Auto parts clerk admits fraud, impersonating IRS official

October 23, 1998|By Michael James | Michael James,SUN STAFF

A Silver Spring man pleaded guilty yesterday to impersonating an IRS official in a fraud scheme that rang up more than $100,000 in charges on unsuspecting people's credit cards, federal prosecutors said.

Gary James, 28, used his job as a parts clerk at a Takoma Park Trak Auto store to steal credit card and biographical information from dozens of customers, many of them senior citizens, according to court papers filed in U.S. District Court in Greenbelt.
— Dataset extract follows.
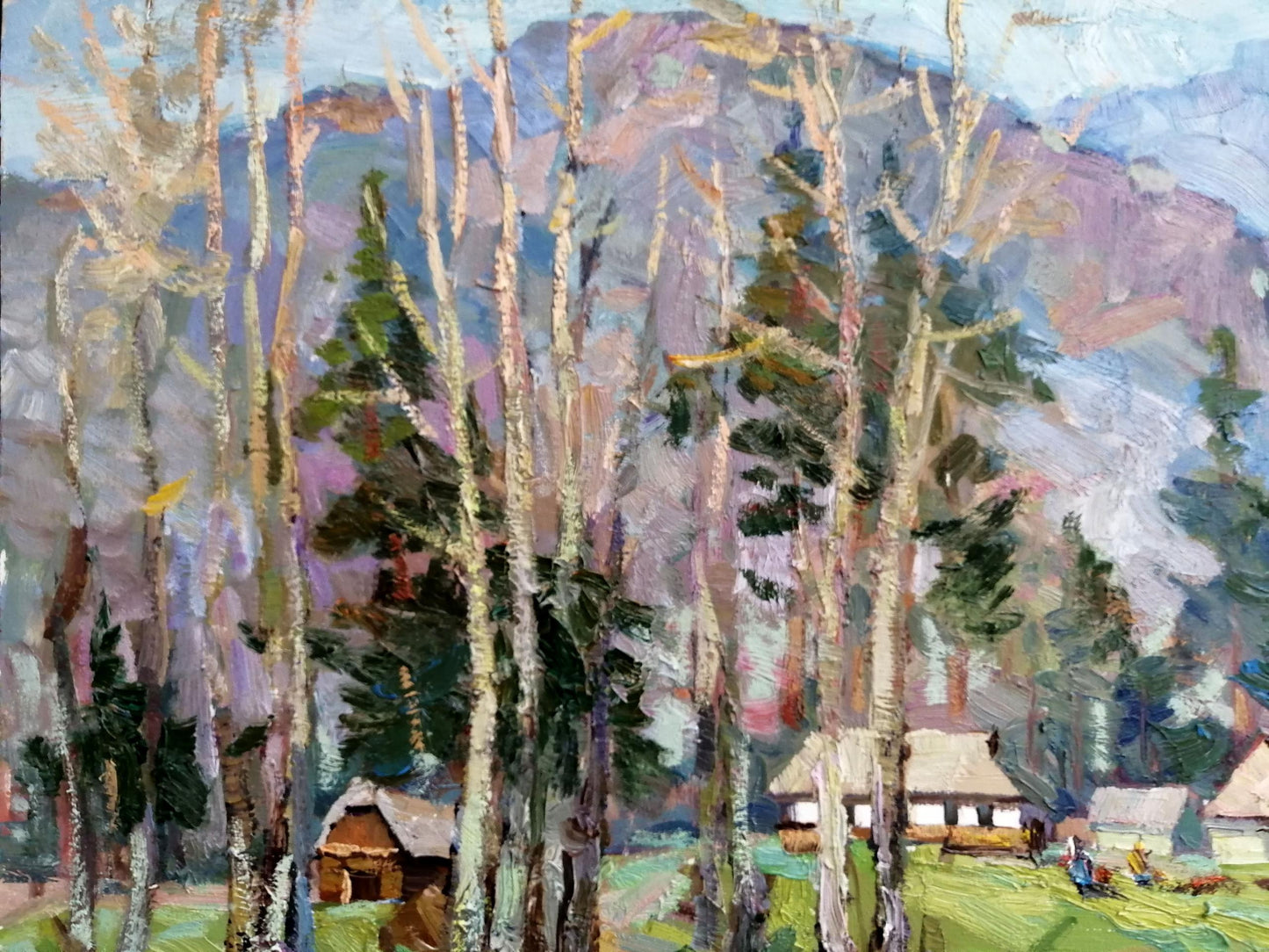 Oil painting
The information was taken from customers during six months last year. On two occasions, James called customers' homes, posing as an Internal Revenue Service official, to get more information, including birth dates and Social Security numbers, prosecutors said.

James used some of the credit information to pay monthly bills for cellular phones he had bought in the names of customers whose information he stole, prosecutors said. He also used the credit cards to buy auto parts and tires for cars he owned and charged Western Union money transfers on the cards, prosecutors said.

According to a statement of facts read in court by Assistant U.S. Attorney Rod Rosenstein, James charged $100,494 on other people's credit cards and had attempted to obtain another $80,304 in charges and loans that were not approved.

Because James bought most of the items and services over the phone, merchants are responsible for the losses. Credit card companies often aren't obligated to assume the cost of credit card fraud committed over the telephone, Rosenstein said.

Under federal sentencing guidelines, James could receive 15 to 30 months in prison. He pleaded guilty to using unauthorized access devices to obtain things of value and to impersonating an IRS employee.

Neither James nor his lawyer could be reached for comment.